Table of Contents
- Requirements
- Notes & Disclaimers
- Instructions
- Special note for IIS users
- Introduction
- “Include” List Method
- “Exclude” List Method
- “File and Directory Check” Method
- Explanation
- Got it working
- Final Notes
- Removing Template Group and index.php from URL
- .htaccess
- Note on robots.txt
- Control Panel Setup
- Caveats
- Added code to take care of EE CSS under some server setups
- Note on SSL
Requirements
To complete this tutorial you will need:
* A host/server using Apache or IIS for the webserver
* Access to your .htaccess (Apache) file or httpd.conf (IIS) file in your root EE directory
* Mod_rewrite enabled on your server (Apache on Windows or Linux)
* ISAPI_Rewrite enable on your server (IIS for Windows Only!)
Notes & Disclaimers
——-
Alternative: Renaming your index.php file
As an alternative to this tutorial you might also want to look into a elegant
and fairly easy way to rename (or copy) your index.php file to something you like.
Like “gowild” in this example: http://www.example.com/gowild/weblog
see: http://expressionengine.com/docs/installation/renaming_index.html
——
If using IIS, you can accomplish this using ISAPI_Rewrite, see this thread. There is also a free ISAPI Rewrite module (Microsoft Permissive License)and instructions for using it in this thread.
If using Apache on both Windows and Linux you will need to have mod_rewrite module enabled and active.
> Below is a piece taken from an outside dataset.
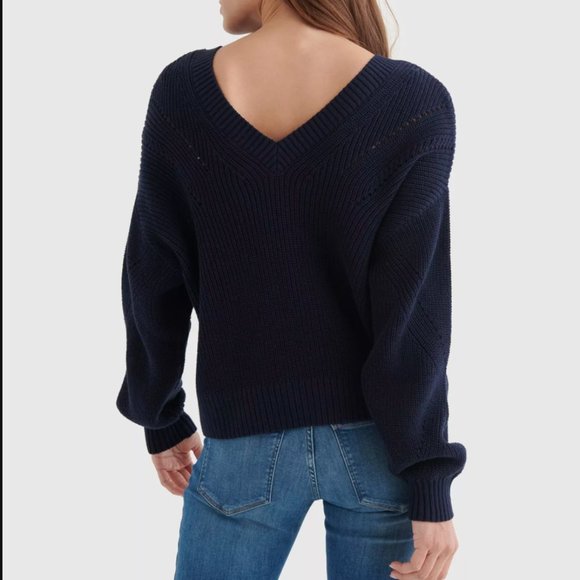Lucky Brand Crop Rib Pullover Reversible Sweater - Picture 5 of 9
The code contained in this section was posted on the EE forums, we claim no credit for it and no responsibility for what happens if you choose to use it. Mod_rewrite can be a tricky thing, so if you run into problems, search the forums, and otherwise you’re on your own! :)
Instructions
Special note for IIS users
All of these methods have been tested and work on both IIS and Apache for both mod_rewrite and isapi_rewrite. For IIS you will need to change .htaccess to httpd.conf and it will still remain in your local root EE install directory. Please remember IIS users where you see .htaccess remember it should be httpd.conf. Linux users there is no change in your directions. If the httpd.conf method does not work for you then you will need to contact your hosting provider and ask them what your configurations file name should be.
Introduction
Here’s a simple explanation of what we’re going to do:
To remove “index.php” from your URLs we need to tell the server to parse all files as though they did have “index.php” in the URL, but just not show it to the user. We also need to tell the server to either treat *all* requests this way except those in specified EE Template Groups (exclude method) OR to *only* parse files within certain directories (EE template groups) this way (include method). (A third method, which removes index.php if the file or directory called does not exist, may have ramifications for how your site will be ranked by search engines.)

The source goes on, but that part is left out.